A billboard advertising a Christian event in Phoenix on sexual identity was recently rejected by a national ad company.
Sponsored by Focus on the Family, the billboard design of the Love Won Out conference was considered to be potentially controversial. Clear Channel Outdoor refused to run the advertisement, disappointing the large family group. It was to read, "I questioned homosexuality: Change is Possible, Discover How."
Our local managers review each advertisement on a case-by-case basis to ensure that it meets the tastes and standards of the local community, explained a Clear Channel Outdoors representative in Cybercast News Service. Local managers reserve the right to reject advertising copy if it does not meet their community's standards for appropriateness or the copy is deemed offensive towards any business, group or individual.
Event coordinators disagree with the response, arguing that it is not hateful.
"It gives a hopeful message for those who are dissatisfied living homosexually and [shows] that there is an alternative they could consider," said Melissa Fryear, gender issues director for Focus on the Family, in Crosswalk.com.
The Arizona Human Rights Foundation (AHRF), an organization that was protesting the conference, was happy to see the billboard refused, but also said the rejection was against free speech.

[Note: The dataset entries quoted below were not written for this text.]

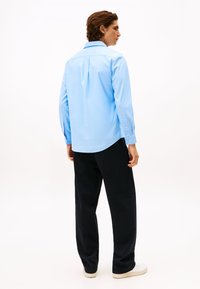 Hellblaues Hemd mit langen Ärmeln, Rückenschlitzdetail und abgerundetem Saum, kombiniert mit dunklen, locker sitzenden Hosen und weißen Schuhen.
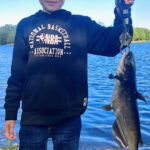 Person proudly holding a large catfish by the water.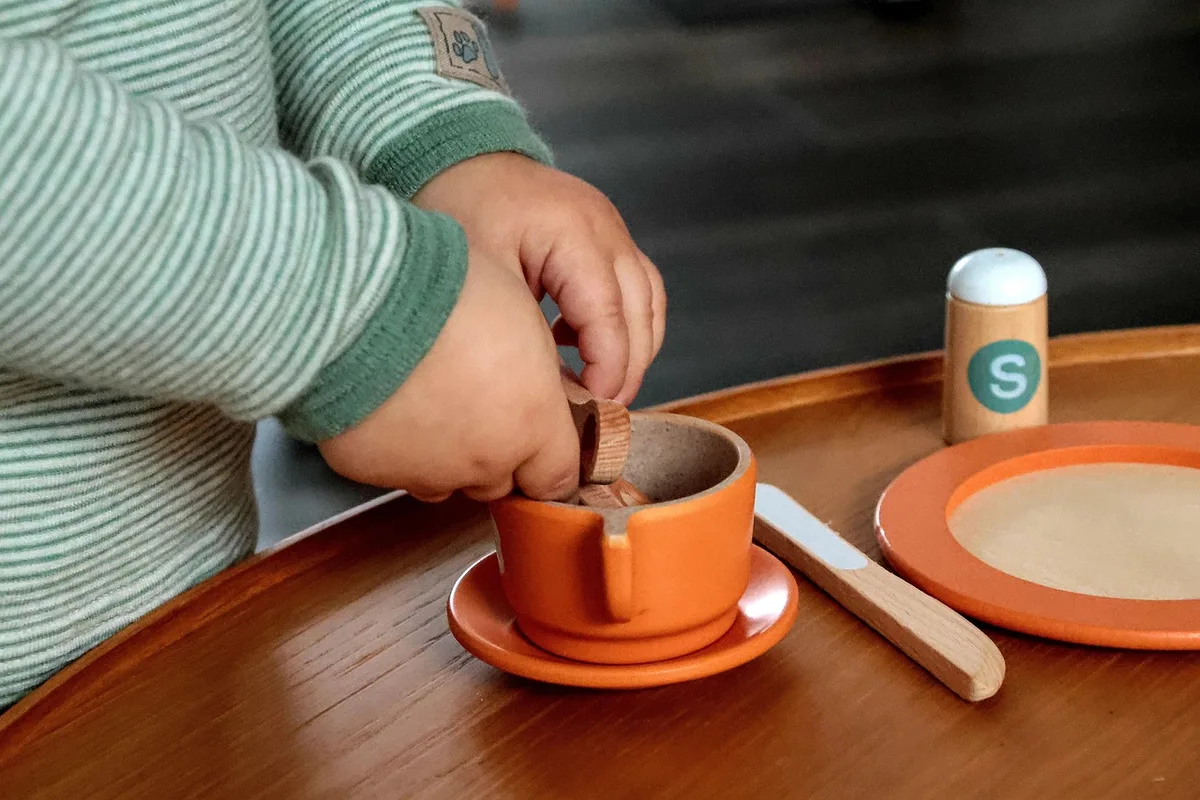 Enfant réparant un objet cassé sous supervision bienveillante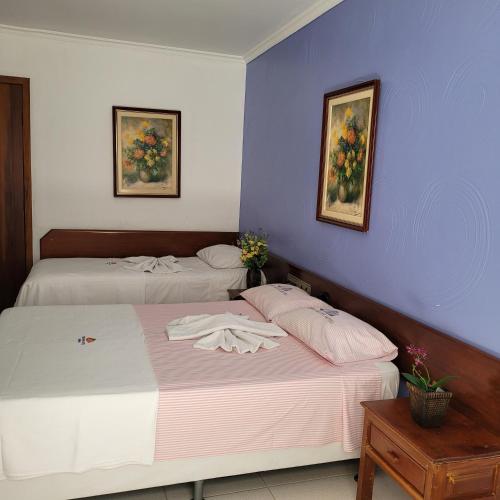 two beds sitting next to each other in a bedroom at Hotel Terra Mater in Porto Seguro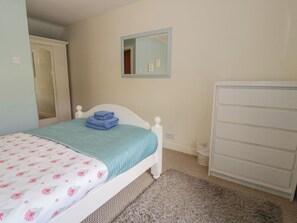Ein Schlafzimmer mit einem Bett, einem Schminktisch, einem Spiegel und Teppichboden.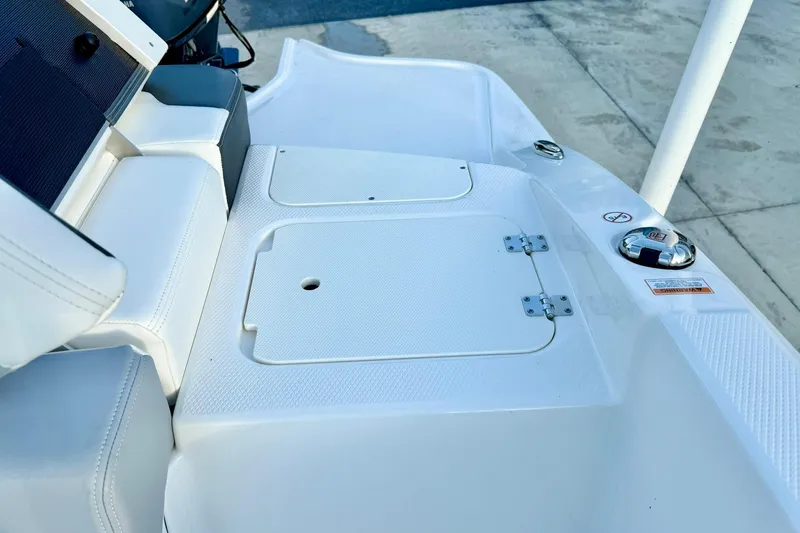 Slide: The Image of 2024 Chaparral 19 SSi OB boat deck with storage compartment and seating. - 41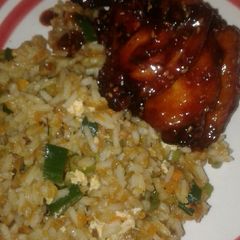 Honey soy chicken wings and fried rice A picture of Honey soy chicken wings and fried rice.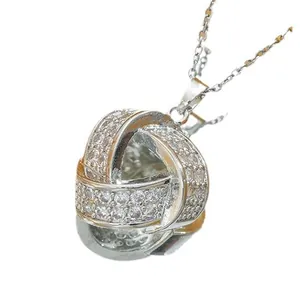 Elegant silver knot necklace pendant with sparkling zircon stones in a minimalist design
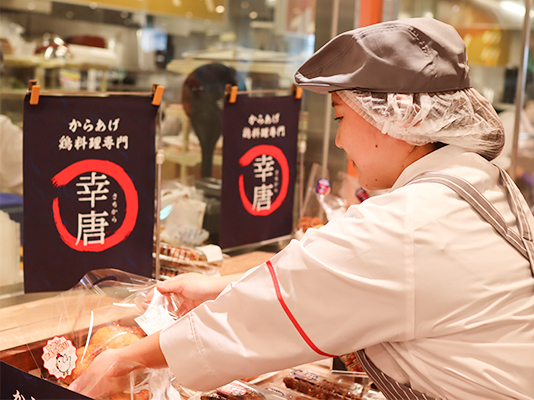 惣菜コーナーで売り方を考えながら働くパートのSさん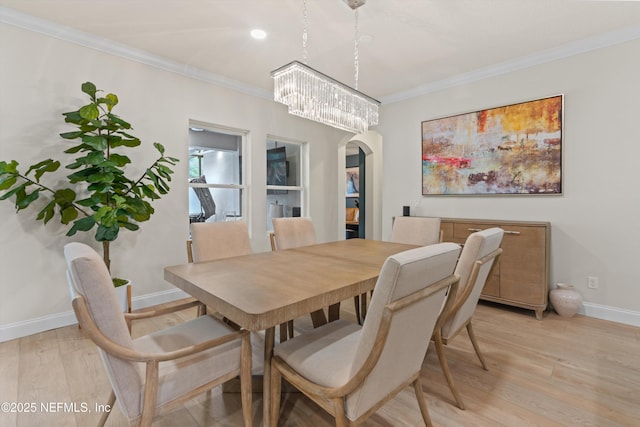 dining area featuring ornamental molding, arched walkways, and light wood finished floors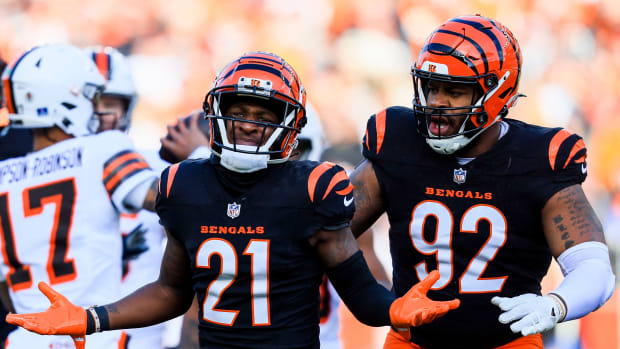 Dec 22, 2024; Cincinnati, Ohio, USA; Cincinnati Bengals cornerback Mike Hilton (21) reacts after sacking Cleveland Browns quarterback Dorian Thompson-Robinson (17) in the first half at Paycor Stadium.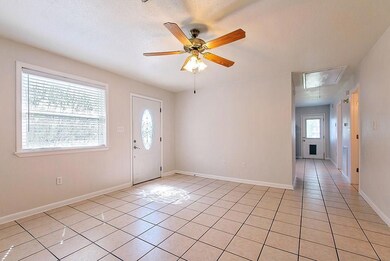 View of Living Room & Hallway leading to the Kitch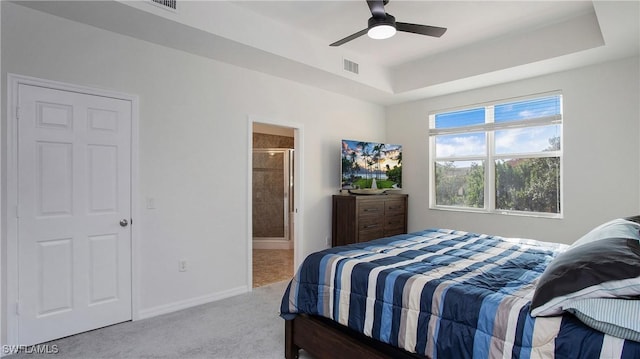 carpeted bedroom with ensuite bath, baseboards, visible vents, a raised ceiling, and a ceiling fan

AHRF representative Amy Kobeta said in Crosswalk.com, I would be upset if someone didn't advertise one of our conferences, and I think the reverse is also true.
The controversial billboard was eventually picked up by another advertising company in the Phoenix area as Focus on the Family held its event on Saturday.
The Love Won Out conference features nationally known experts on the homosexual issue, most of whom are former homosexuals. The purpose of the conference is to talk about gender issues openly while providing positive encouragement for change, which is often seen as discriminative.
The conference website describes the event as a dynamic one-day conference on homosexuality that balances truth-in-love with grace and compassion. It address issues such as whether people are born gay, if change is possible, and about gay marriage in society.
Since 1998, Love Won Out has hit major cities around the United States, receiving both criticism and praise.
The biggest controversy comes over the conferences proposition that gayness can be healed.
Upcoming Love Won Out conferences are scheduled for: Omaha, Neb., on Apr. 14; Irvine, Calif., on Oct. 13, and Indianapolis on Nov. 3. The conference is open for registration to the general public.